Bakeries Squeezed in Daraa
Private bakery owners in Daraa province, in southern Syria, say they are absorbing steady losses because they buy production inputs in US dollars (USD) while selling bread at prices fixed in Syrian pounds (SYP). On 3 June 2026 a group of operators submitted formal complaints to local authorities, asking for restored support and a fresh assessment of production costs.
The operators warn that the gap between their costs and the regulated selling price is no longer sustainable, and that some bakeries are struggling to keep running.
Fuel Costs After Subsidies
Much of the pressure traces to fuel. After mazout subsidies were lifted in April 2026, the price reached about 124 SYP per liter, equivalent to roughly $0.88, compared with a subsidized rate near 70 SYP per liter beforehand.

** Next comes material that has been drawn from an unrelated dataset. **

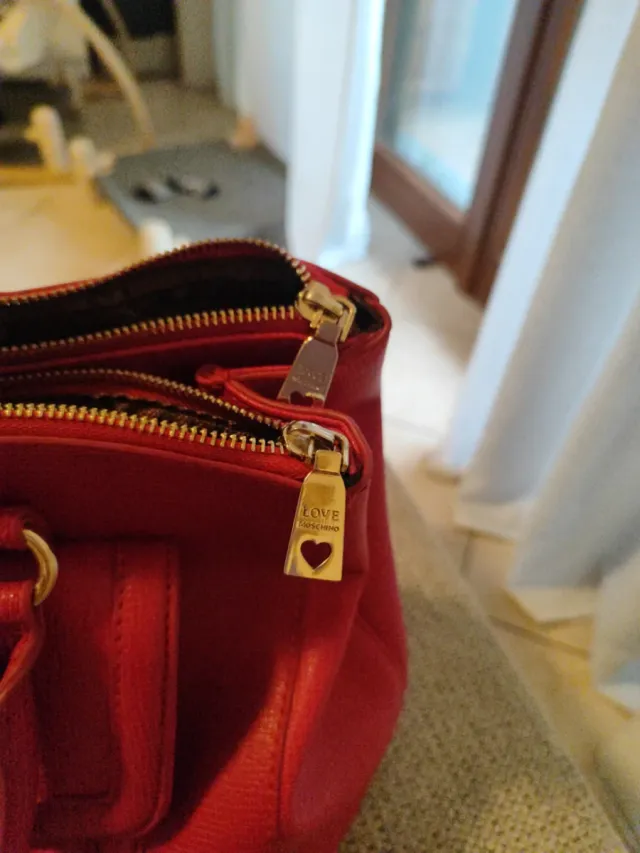 Borsa Moschino fucsia usata
Rovinati i manici foto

Bakers say the change has been compounded by higher consumption, as producing one ton of bread now requires close to 130 liters of fuel, up from about 100 liters. Before the subsidy ended, licensed bakeries had been able to secure the fuel at the lower official rate.
Flour and the Pricing Gap
Flour costs tell a similar story. Licensed bakeries received subsidized flour allocations priced around 21,500 SYP, while the open-market price climbed to roughly 40,000 SYP. With the pound trading near 140 to the dollar, dollar-denominated inputs weigh heavily on margins.
Smaller Loaves, Higher Bills
Households are feeling the squeeze directly. The standard bread bundle has been reduced from 1,200 grams to 1,000 grams, and the loaf diameter has been trimmed. Residents report buying more bundles than before to feed their families, raising overall spending on a staple.
Calls for Relief
Bakery owners are pressing authorities to restore subsidies or to set selling prices that reflect actual costs. The outcome will shape both the viability of local bakeries and the affordability of bread, a core item in household budgets across the province.